Dead Silence (2007)
7/10
I quite enjoyed the evil exploits of the malevolently mannequin manipulating Mary Shaw and her supremely sinister 101 Dollnation!
23 December 2021
After a villainous ventriloquist's dummy is delivered to the home of handsome Jamie Ashen (Ryan Kwanten), and his pretty wife Lisa (Laura Regen), this perfidious puppet very soon belies its inert demeanour, as 'Billy' utilizing murderous means most macabre dispatches Kwanten's pale Mia Farrow Lookalike wife in an especially jaw-droppingly diabolical manner! Thusly burdened with grief, our dishy widower high-tails it to his gloomily dilapidated Silent Hill-esque home-town in his ubiquitous Hollywood hero's muscle car in order to discover the possibility of there being some monstrous truth behind the childhood rhyme extolling the evil exploits of malevolent Mary Shaw and her supremely sinister 101 Dollnation had anything to do with his sinuous spouse's savage snuffing out! A goodly number of noughties 'horror' films are based on creepy urban legends, and James Wan's predictably jump-scare laden 'Dead Silence' rigorously maintains the zeitgeist.

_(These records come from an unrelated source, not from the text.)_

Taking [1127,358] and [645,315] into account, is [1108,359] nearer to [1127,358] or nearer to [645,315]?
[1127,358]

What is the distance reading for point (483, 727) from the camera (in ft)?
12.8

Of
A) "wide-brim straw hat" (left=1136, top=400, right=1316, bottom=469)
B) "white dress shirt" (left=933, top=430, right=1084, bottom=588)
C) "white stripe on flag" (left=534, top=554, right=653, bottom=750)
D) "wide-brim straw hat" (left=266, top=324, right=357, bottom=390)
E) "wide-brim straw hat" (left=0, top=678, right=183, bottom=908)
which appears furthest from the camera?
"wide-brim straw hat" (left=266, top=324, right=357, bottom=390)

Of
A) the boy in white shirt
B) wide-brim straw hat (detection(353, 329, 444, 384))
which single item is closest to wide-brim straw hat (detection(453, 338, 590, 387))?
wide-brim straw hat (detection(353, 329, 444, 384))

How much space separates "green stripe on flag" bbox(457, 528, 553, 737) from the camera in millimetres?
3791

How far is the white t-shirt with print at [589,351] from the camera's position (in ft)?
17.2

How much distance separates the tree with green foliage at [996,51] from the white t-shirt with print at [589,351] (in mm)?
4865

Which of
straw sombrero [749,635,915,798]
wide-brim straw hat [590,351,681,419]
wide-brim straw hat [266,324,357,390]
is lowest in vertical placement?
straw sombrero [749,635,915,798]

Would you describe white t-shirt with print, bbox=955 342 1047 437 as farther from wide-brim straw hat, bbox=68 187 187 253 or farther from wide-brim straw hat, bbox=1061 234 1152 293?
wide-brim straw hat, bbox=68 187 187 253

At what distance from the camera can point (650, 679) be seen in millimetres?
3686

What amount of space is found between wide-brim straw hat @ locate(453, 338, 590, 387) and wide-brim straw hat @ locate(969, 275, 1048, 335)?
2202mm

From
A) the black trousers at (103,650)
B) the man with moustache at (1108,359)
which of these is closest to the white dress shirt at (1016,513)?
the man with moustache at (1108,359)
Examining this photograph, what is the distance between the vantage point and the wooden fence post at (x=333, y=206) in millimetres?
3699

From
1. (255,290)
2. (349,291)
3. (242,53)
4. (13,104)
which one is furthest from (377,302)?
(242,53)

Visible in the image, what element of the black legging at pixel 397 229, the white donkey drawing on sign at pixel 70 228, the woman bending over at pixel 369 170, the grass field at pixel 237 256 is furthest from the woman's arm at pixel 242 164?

The sleekly fashioned fright-flick reeks of Hollywood artifice, from the screamingly obvious polystyrene tombs, plentiful usage of Fright Night fog, and delightfully hokey, hunchback-less Guignol theatre, wherein the grim-faced Mary Shaw's infamous legend was so menacingly born!

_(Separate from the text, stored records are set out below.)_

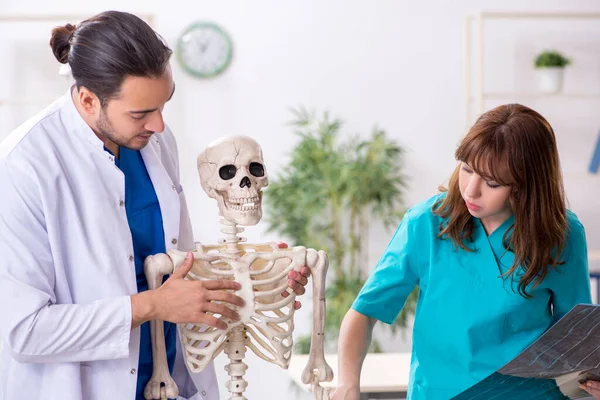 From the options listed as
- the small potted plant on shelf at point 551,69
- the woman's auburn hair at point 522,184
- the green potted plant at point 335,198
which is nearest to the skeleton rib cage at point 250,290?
the woman's auburn hair at point 522,184

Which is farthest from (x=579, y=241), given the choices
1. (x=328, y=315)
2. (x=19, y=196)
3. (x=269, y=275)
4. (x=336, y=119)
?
(x=336, y=119)

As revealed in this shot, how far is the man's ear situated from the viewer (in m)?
1.40

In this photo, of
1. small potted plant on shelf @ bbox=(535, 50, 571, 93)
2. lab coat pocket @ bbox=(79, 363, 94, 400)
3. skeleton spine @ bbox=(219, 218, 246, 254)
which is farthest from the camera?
small potted plant on shelf @ bbox=(535, 50, 571, 93)

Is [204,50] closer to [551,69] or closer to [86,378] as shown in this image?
[551,69]

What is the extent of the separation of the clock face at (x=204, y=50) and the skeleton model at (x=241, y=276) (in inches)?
117

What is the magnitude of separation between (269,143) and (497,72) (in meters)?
1.38

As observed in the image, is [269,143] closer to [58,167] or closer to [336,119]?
[336,119]

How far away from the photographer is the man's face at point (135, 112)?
53.6 inches

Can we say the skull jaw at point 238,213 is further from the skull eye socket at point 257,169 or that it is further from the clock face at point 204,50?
the clock face at point 204,50

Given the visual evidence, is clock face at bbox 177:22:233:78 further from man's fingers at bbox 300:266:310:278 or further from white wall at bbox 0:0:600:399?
man's fingers at bbox 300:266:310:278

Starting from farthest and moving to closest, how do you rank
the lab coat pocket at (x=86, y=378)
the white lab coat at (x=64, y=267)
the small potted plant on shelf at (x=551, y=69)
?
the small potted plant on shelf at (x=551, y=69), the lab coat pocket at (x=86, y=378), the white lab coat at (x=64, y=267)

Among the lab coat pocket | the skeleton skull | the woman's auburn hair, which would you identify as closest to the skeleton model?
the skeleton skull

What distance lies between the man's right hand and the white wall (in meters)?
3.12

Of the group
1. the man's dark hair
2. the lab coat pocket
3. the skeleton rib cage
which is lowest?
the lab coat pocket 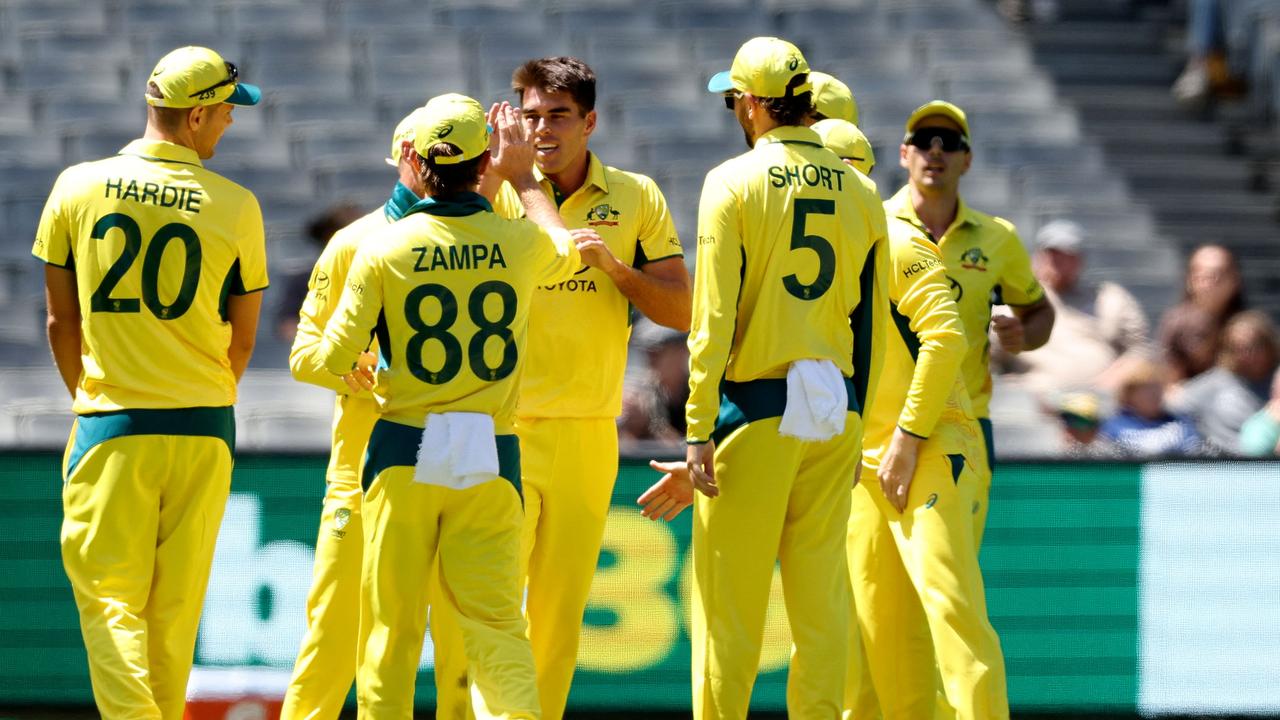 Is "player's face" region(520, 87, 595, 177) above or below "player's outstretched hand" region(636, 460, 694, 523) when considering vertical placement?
above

While the shocks are somewhat muted, perhaps in an attempt to avoid the boggle-eyed wrath of hissy missy Mary, the film's more endearing qualities are the delicious comedy stylings of a deadpan Donnie Wahlberg as the wryly disdainful cop Detective Lipton, his colourful performance increasing the faux-Gothic campery herein. For me, as a horror film-maker, Wan is a somewhat pallid practitioner, but the dude has legit comedy chops, to whit, the blackly funny, wickedly witty 'Tales From The Crypt' twist, and if all noughties horror titles were replete with a similarly cartoonish cynical cop like Donnie I'd be more of a fan! While 'Dead Silence' is about as scary as a mislaid till receipt, it proved to be all so fabulously absurd I couldn't help but dig it! Usually I relish the dire misfortune that descends so fatally upon the expensively coiffed heads of Hollywood's perfectly plastic protagonists, but in this rare instance I had enormous empathy for the dotty old dear gibbering benignly away in the mortician's cobwebbed cellar, this truly darling, whimsical white-haired octogenarian Marion Walker (Joan Heney), and dynamic cop Donnie got me rooting for 'em right till the final curtain, mayte! One of the more aesthetically pleasing aspects of 'Dead Silence' is the splendidly evocative chiaroscuro photography of talented DP John R. Lionetti, this gifted fellow also lensed the deliciously skewed, greatly underappreciated Lindsay Lohan oddity 'I Know Who Killed Me'.